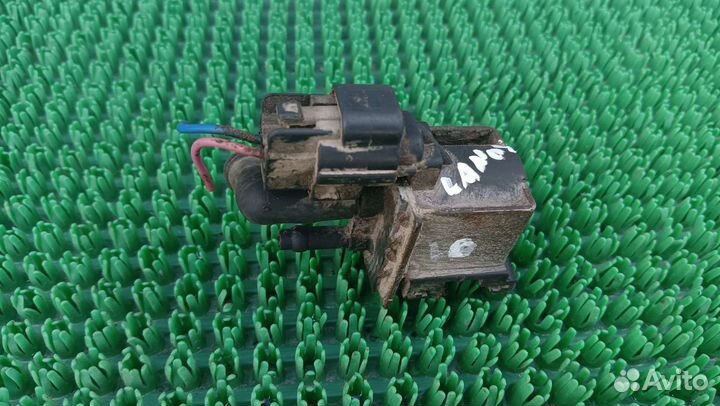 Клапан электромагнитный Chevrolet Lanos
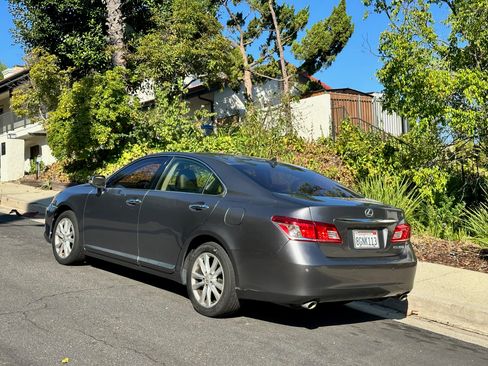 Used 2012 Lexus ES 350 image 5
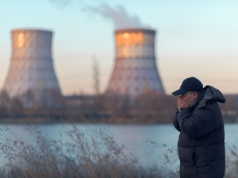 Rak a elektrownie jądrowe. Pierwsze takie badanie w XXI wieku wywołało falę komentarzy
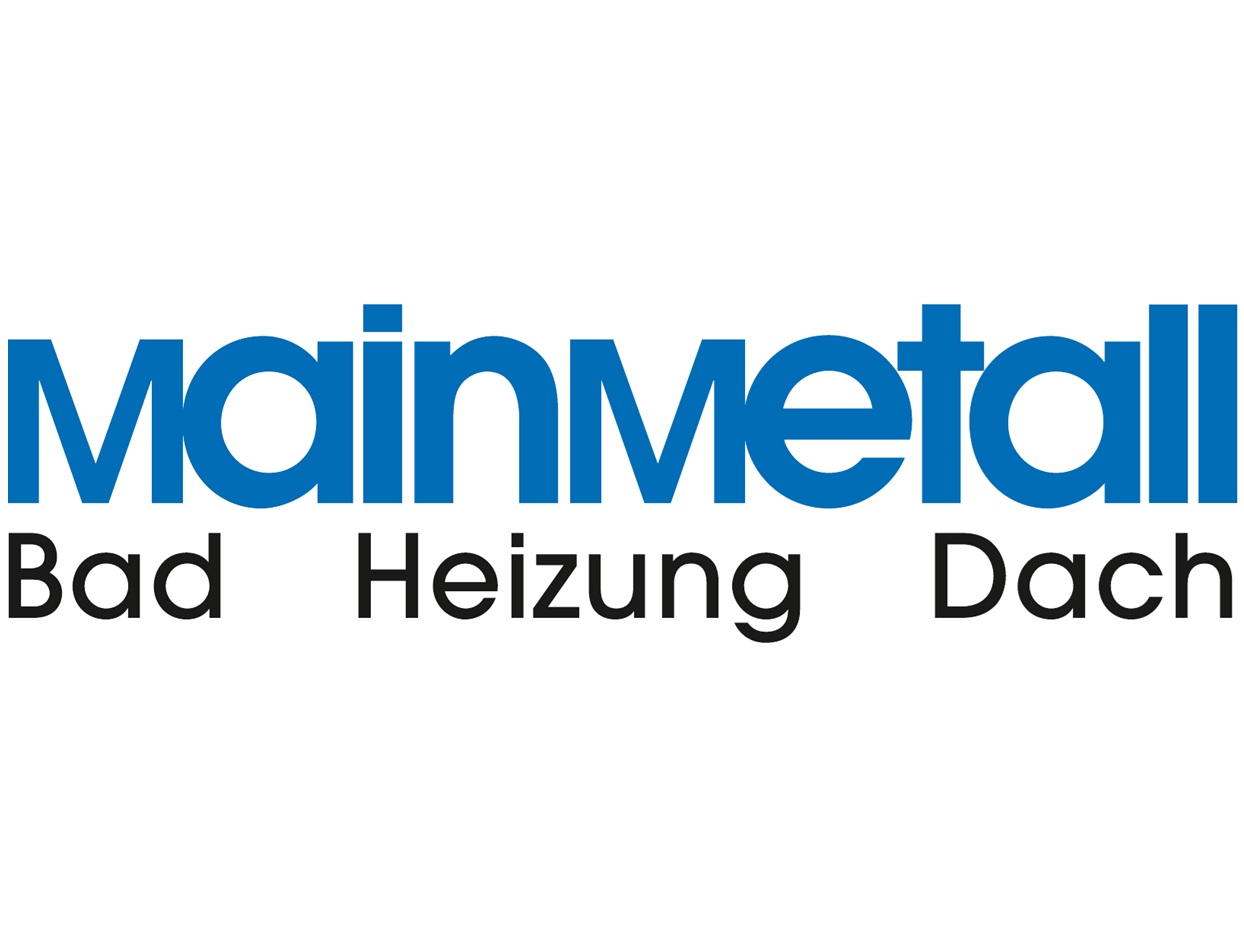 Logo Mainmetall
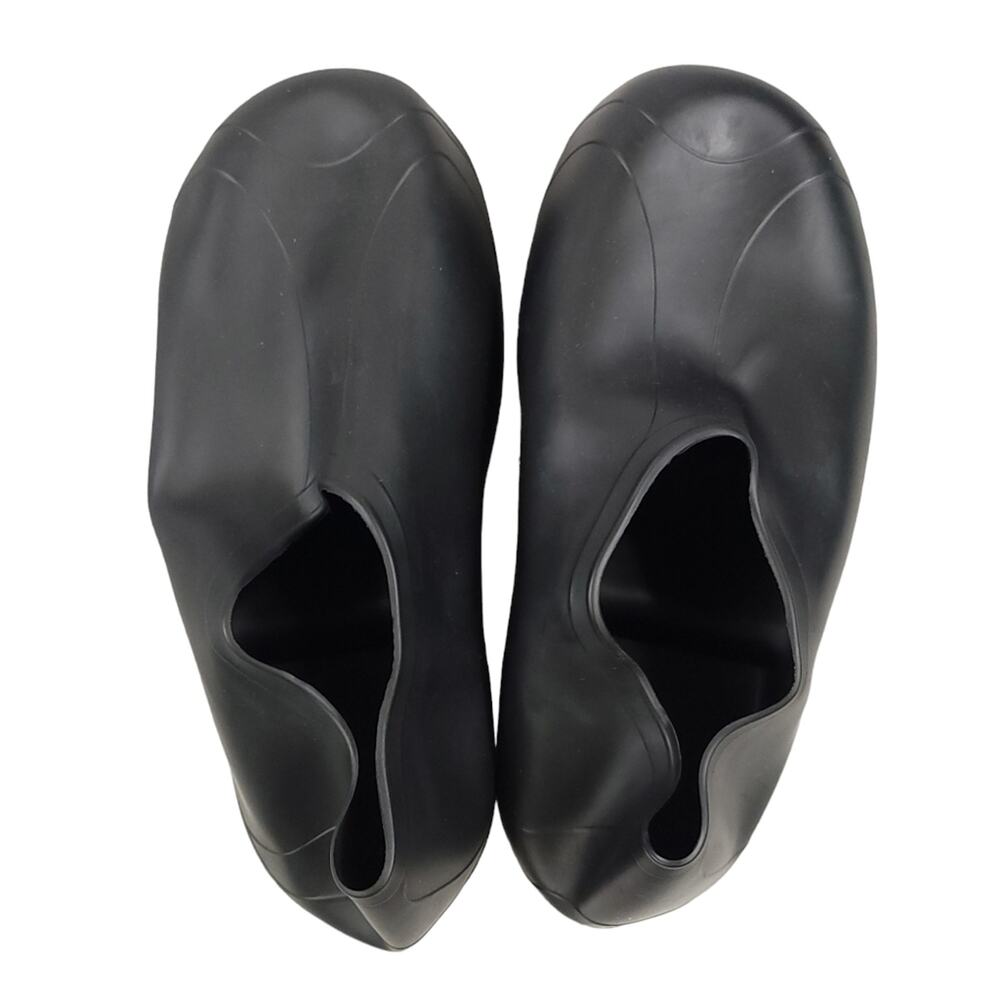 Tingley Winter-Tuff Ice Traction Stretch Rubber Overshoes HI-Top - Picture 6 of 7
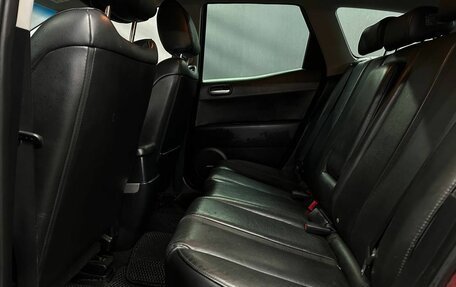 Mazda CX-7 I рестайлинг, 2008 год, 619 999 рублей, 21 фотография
________________________
_WHAT YOU NEED TO DO_:
An exact copy of the entries above is needed, with the pictures removed.

_RESPONSE AREA_:
 Клапан электромагнитный Chevrolet Lanos
 Used 2012 Lexus ES 350 image 5
 Rak a elektrownie jądrowe. Pierwsze takie badanie w XXI wieku wywołało falę komentarzy
 Logo Mainmetall
 Tingley Winter-Tuff Ice Traction Stretch Rubber Overshoes HI-Top - Picture 6 of 7
 Mazda CX-7 I рестайлинг, 2008 год, 619 999 рублей, 21 фотография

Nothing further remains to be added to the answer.